Kathy Acker’s text “Against Ordinary Language: The Language of the Body” would be worth mentioning here. In this text Acker investigates the hierarchy between language and body, describing how language — just like a muscle — has to be broken via repetition in order to grow. Similar to Acker’s text, there is a competition between speech and corporality in Rage. They find partially common ground only in order to realize, by means of each other, that they are both in a state of ongoing decomposition.
The plot always gets interrupted by a messenger who rises from the audience and briefly becomes part of the action in order to deliver an object. For viewers who have already seen SOTSB, the messenger takes the shape of a memory manifesting itself out of the yellow field. Rage is much more static than SOTSB. Once could even argue that Rage is so static that it is more of a picture that, while it’s being deciphered, evokes irritations on its surface and yet remains a complete image.

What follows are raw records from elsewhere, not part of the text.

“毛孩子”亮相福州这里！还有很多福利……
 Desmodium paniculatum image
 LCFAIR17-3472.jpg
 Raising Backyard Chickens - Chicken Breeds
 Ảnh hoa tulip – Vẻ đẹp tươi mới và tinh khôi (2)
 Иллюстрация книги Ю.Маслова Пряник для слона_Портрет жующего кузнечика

I suppose that a placement of Anne Imhof’s practice within a history of performance would miss its goal. Instead I would like to try to conceive Imhof’s scenarios as images in relation to which the viewer can adopt a range of perspectives. Imhof multiplies these perspectives by integrating additional protagonists specific to each context (the messenger, the outer circle), which make the barricade between audience and actors appear porous. Each time, these people are acquaintances from local environments who have been given minimal instructions to integrate them into the course of action. While Antonin Artaud speaks of the shared breath that connects the audience with the performer, here the shared interpersonal creates a precarious relationship. The audience exists simultaneously as an image within the same conditions to the performers.
Due to the lack of a better illustration I would like to suggest Francis Picabia’s Transparencies, which create new and incomplete entities through the overlaying of their silhouettes. If the performers of SOTSB and Rage are to be understood as silhouettes who carry their insides on the outside, they merge with each other through the rehearsals, performances and repetitions into new and increasingly assimilated subjects — a process that may be understood as analogous to the automated re-hierarchization of information within networks, which thus organize the subject anew.
What is often misunderstood in Imhof’s images as deceleration is rather a viscosity between the actors, who fend off the fluidity that would accelerate their own end. While the historical producers of interpersonal cruelty (Artaud, Fassbinder, etc.) always drove the action onward, here it is the moments in which nothing happens that appear the most cruel, the moments in which both viewer and protagonist are aware that the action is continuing invisibly.
At a time when information technologies increasingly render both public and private interactions invisible, Imhof insists on visibility and intimacy — the systemic inefficiency of which threatens to collapse this very system.
In her performances she invokes the liquid hell in which we all find ourselves. She invokes the subject whose core action is to calculate the sum of his or her transactions and to measure them in relation to all other subjects. At the same time, Imhof suggests ways out. She insists on the recalibration, the estrangement and the reinvention of a new language that stems from the official text — until the former is overwritten.